Futures Costs: Transparent but Brutal
Futures don’t hide anything. That’s the upside.
You know your commission. You know your exchange fee. You know your platform cut. It’s all right there—on every single contract.
But that transparency doesn’t make it cheap.
You’re paying around $4 to $6 round-trip per contract (depending on the platform and routing). Trade two contracts? That’s $8–$12 just to play. Doesn’t sound like much until you’re doing 5–10 trades a day. Now you’re burning $60+ daily in raw fees, before slippage or mistakes.
And when you're scalping? That fee hits hard. You need the move to go farther just to break even. One-tick exits? Basically worthless.
So yeah, it’s clean. It’s consistent.
But if you overtrade or chase noise, the cost stacks up fast—and it’s staring you in the face every session.
Same Trade, Different Cost: Let’s Do the Math
Let’s say you’re taking a basic scalp trade. Nothing fancy. $100 risk. In and out in under 5 minutes. You hit your 1R. Nice win.
But what did it really cost?
Forex version (standard account):
- Entry/Exit spread: ~1 pip = $10
- No commission? Sure, but it’s baked in
- Slippage around NY open? 0.5 pip extra = $5
- Total cost per trade: ~$15 (best case)
Now take 5 trades/day = $75
Over 20 trading days = $1,500/month
You’re leaking a part-time salary just for the right to trade.
Futures version (1 ES contract):
- Round-trip fee (commission + exchange): ~$5.50
- 1-tick spread? Yep, another ~$12.50 if you’re impatient
- Slippage in fast moves? Add $6.25+
Total cost per trade: ~$12–$18
So yeah—both cost money.
Futures just shows it to your face.
Forex? Slips it out your back pocket while you’re staring at indicators.
And again—this isn't about the dollar amount. It’s about how cost destroys edge. If your average win is $40, and you're giving up $15 per round? You’re already playing catch-up. Every. Single. Trade.
Why Cost Hurts More in Prop Firm Trading
When you're trading your own account, costs suck.
When you're trading a prop firm evaluation?
They can straight-up kill your challenge—before you even take a real loss.
Here’s why:
You’re not just managing trade risk.
You’re managing drawdown limits—daily and overall. Every dollar of commission eats into that buffer. Slowly. Silently.
Take this:
- Prop firm gives you $1,000 daily drawdown.
- You take 6 trades in futures at $6 each.

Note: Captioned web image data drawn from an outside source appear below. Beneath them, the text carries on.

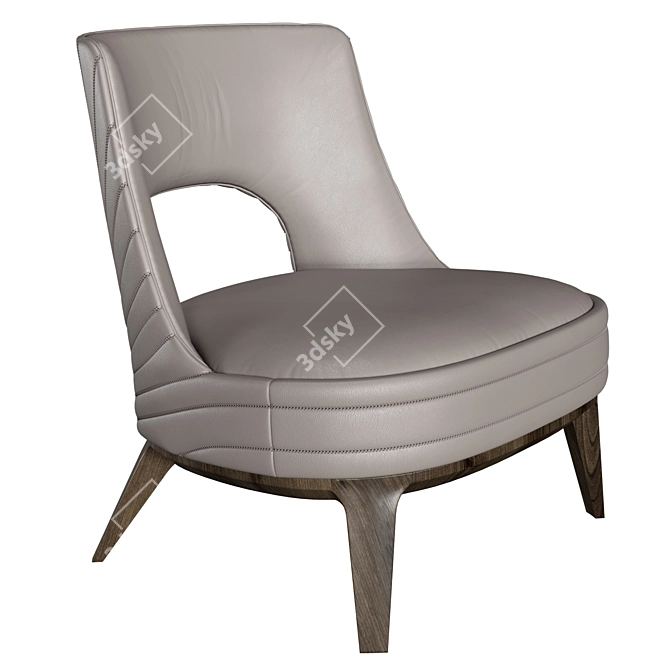 Regal Embroidered Accent Armchair 3D model image 1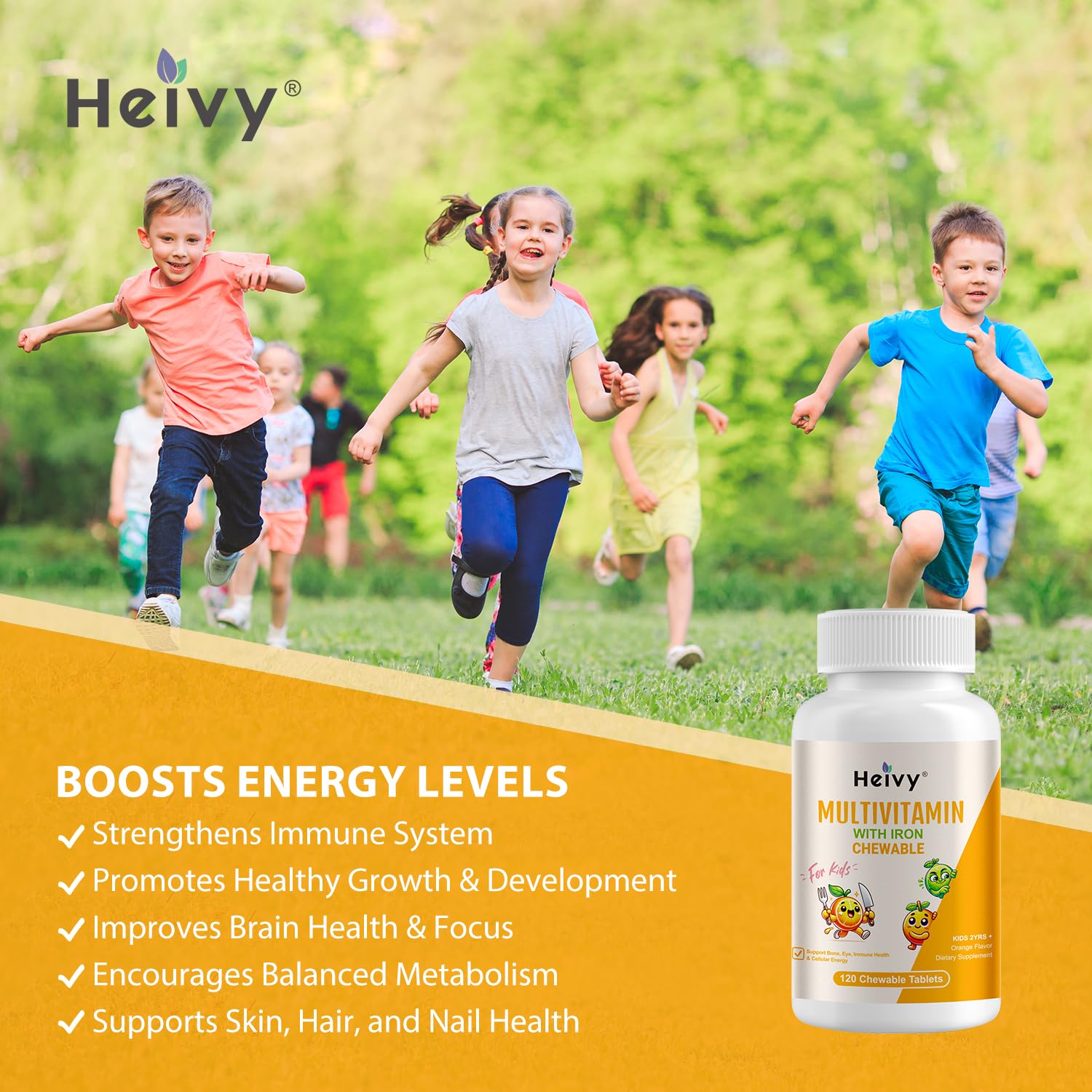 Ingredients card illustrating essential vitamins and minerals at a glance.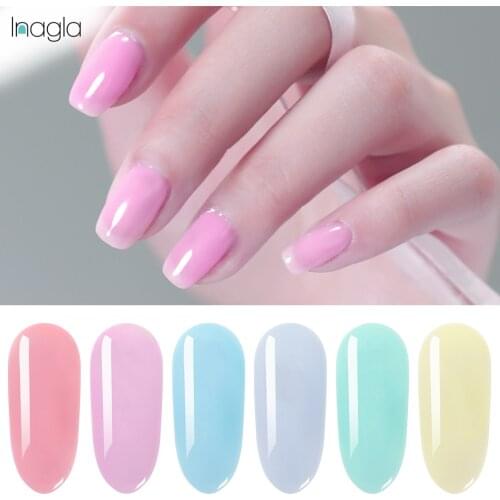 Inagla Colorful Jelly 8ML Gel Nail Polish Nude Jelly Soak Off UV LED Gel Varnish Vernis Semi Permanent Nail Art Lacquer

That’s $36 gone, no losses, just costs.
- That’s already 3.6% of your daily cushion—before the market even moves.
Now imagine doing that in a sideways day, or worse, chopping yourself out with 10+ entries. You might end the day flat or barely red… and still be halfway to violating your limit.
Same thing in forex. But worse, because you usually don’t see the cost. Spreads and slippage bleed you out quietly, and by the time you realize it, you’re down $200 on “scratch trades.”
In prop trading, every trade needs to justify its cost. Not just the risk, not just the reward—but the friction. Because you’re not playing with house money until you pass. And the firm? They don’t care how you lose—just that you do.
How I Trade Now (And What You Should Take from This)
I used to chase every setup. Every signal. Every micro-move that looked like a “perfect entry.”
Didn’t matter if I was net green or red—my broker and the firm always got paid.
That’s when it clicked:
If your strategy doesn’t factor in cost, it’s not a strategy—it’s a slow bleed dressed up as trading.
These days? I take fewer trades. Better setups. Cleaner entries. And I avoid the kind of overtrading that turns a break-even day into a -$150 fee pile.
I look at each trade like this:
“Does this move justify the cost to participate?”
If the answer’s no, I pass.
Even if it goes without me. Especially if it goes without me.
This also changed how I build strategies. Small targets don’t make sense anymore—not with $12 round-trip cost per contract. So I look for higher R setups, tighter structure, better conviction.
If you’re looking for setups that actually hold up inside prop firm rules (costs included), check out these 5 trading strategies that actually work. Real trades. Real rules. No fluff.
Bottom line?
Costs matter more than most people realize—especially when you’re trying to scale, pass challenges, or just stay sane under pressure. If you’re not adapting your trading to account for them… you’re already behind.